But the point of the Gospel isn’t how bad pig slop is — any form of pig slop, whatever it may be for any of us. The point is how great God’s mercy is, how eager he is to forgive and restore us, more eager than we are to repent and be forgiven.

It’s not even like he’s waiting around for us to come to our senses on our own. The sheep doesn’t make the first move toward the shepherd. The coin doesn’t make the first move toward the woman. That moment when the prodigal realizes he’s sinned against heaven — any time that happens, that’s heaven itself at work. That thought in your mind, “Maybe I should go to confession this week” — that already comes from God.
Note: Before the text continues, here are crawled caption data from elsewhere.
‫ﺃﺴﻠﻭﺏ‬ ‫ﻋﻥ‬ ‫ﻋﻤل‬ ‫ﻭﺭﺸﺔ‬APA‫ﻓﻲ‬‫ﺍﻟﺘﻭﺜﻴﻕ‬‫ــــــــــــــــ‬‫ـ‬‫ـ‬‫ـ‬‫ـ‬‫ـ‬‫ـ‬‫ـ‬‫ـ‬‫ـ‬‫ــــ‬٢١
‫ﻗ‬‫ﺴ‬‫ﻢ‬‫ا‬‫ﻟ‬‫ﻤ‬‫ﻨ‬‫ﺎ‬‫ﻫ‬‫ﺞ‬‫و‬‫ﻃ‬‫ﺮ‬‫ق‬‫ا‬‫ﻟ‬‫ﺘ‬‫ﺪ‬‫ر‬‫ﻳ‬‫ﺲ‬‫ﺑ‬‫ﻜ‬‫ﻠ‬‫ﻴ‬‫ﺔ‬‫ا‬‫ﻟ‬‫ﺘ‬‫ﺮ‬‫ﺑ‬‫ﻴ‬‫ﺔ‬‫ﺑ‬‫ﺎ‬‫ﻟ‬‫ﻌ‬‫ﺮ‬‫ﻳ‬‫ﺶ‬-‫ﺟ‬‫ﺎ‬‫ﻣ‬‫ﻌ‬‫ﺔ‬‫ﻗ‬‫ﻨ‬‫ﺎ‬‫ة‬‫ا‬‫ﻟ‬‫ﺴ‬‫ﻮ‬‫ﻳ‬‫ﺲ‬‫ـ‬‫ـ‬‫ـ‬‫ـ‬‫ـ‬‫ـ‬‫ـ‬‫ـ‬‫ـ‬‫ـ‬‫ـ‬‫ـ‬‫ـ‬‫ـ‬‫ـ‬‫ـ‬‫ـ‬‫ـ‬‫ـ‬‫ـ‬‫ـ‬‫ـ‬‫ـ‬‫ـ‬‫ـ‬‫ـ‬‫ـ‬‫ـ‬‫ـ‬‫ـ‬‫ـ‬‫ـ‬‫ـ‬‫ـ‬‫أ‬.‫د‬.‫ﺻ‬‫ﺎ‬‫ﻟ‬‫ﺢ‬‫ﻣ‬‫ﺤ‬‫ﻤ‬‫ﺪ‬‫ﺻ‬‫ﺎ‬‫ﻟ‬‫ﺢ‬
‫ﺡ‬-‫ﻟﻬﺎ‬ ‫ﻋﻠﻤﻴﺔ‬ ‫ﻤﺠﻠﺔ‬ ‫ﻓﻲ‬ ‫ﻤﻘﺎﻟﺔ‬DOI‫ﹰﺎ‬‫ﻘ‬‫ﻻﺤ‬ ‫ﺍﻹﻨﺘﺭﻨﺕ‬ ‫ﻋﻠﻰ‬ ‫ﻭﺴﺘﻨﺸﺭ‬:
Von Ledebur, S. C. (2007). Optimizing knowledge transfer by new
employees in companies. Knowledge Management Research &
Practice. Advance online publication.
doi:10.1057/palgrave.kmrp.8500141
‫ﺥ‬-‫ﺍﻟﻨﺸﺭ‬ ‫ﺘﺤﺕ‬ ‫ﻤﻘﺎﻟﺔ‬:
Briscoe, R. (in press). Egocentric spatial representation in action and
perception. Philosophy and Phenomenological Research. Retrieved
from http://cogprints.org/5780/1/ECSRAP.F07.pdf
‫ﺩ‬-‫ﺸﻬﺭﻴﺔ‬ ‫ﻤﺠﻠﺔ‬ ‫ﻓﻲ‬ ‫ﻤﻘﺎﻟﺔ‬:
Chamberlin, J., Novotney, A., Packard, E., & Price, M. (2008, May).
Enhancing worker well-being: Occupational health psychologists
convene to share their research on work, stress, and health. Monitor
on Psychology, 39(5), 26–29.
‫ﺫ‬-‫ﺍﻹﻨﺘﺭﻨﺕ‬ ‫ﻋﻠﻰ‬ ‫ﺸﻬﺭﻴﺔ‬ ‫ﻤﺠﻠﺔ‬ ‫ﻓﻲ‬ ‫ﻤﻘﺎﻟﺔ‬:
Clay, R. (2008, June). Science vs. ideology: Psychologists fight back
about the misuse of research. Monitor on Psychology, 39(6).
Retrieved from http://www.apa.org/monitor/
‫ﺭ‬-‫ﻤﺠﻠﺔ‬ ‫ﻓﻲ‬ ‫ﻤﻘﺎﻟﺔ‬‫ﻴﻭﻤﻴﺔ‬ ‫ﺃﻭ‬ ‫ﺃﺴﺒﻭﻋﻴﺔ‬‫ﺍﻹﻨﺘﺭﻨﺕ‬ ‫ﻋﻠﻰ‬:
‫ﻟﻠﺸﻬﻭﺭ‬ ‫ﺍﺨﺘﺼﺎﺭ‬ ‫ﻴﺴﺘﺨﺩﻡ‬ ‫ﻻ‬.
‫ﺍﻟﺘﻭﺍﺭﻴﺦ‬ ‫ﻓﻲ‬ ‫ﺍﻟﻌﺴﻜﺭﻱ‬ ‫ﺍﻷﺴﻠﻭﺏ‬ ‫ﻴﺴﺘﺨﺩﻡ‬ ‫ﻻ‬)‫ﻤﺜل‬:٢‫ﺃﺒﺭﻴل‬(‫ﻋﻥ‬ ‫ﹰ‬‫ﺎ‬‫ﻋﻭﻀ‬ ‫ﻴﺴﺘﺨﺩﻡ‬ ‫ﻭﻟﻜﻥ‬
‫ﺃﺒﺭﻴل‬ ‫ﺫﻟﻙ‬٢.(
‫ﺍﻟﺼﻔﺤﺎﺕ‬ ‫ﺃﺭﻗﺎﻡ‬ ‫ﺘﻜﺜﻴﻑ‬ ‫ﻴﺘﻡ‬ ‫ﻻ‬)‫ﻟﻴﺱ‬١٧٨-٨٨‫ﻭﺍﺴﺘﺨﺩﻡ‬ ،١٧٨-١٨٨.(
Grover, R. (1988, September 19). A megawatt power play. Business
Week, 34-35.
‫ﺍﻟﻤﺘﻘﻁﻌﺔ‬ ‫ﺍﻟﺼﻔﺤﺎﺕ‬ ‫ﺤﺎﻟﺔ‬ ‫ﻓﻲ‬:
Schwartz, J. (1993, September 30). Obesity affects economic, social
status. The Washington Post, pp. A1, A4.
Maybe we’re not the prodigal son or the lost sheep. Maybe we’re the older brother or one of the 99 other sheep. Did you ever wonder how the 99 sheep felt about being left behind while the shepherd went after the lost sheep? What are we, chopped liver? Hello — we’re the sheep that didn’t get lost! Pay some attention to us!

Jesus doesn’t tell us how the sheep felt, but he does tell how the older son felt about the welcome his little brother received. He was angry and resentful, like the Pharisees who objected to Jesus eating with sinners, with lost sheep. I think sometimes Pope Francis’ focus on reaching out to lost sheep has a similar effect on some of the flock.

In any case, whether we’re the prodigal son or the other son, there are going to be areas in our lives where we need to come to our senses. Whatever our issue is, God is more eager to forgive us than we are to repent and be forgiven. Even if we’ve gone back to the pig trough again and again. The shepherd never says “Well, I went after that sheep before, but now it’s on its own.”

In whatever ways we need to come to our senses, there’s a celebration in heaven waiting, right now, for you and for me.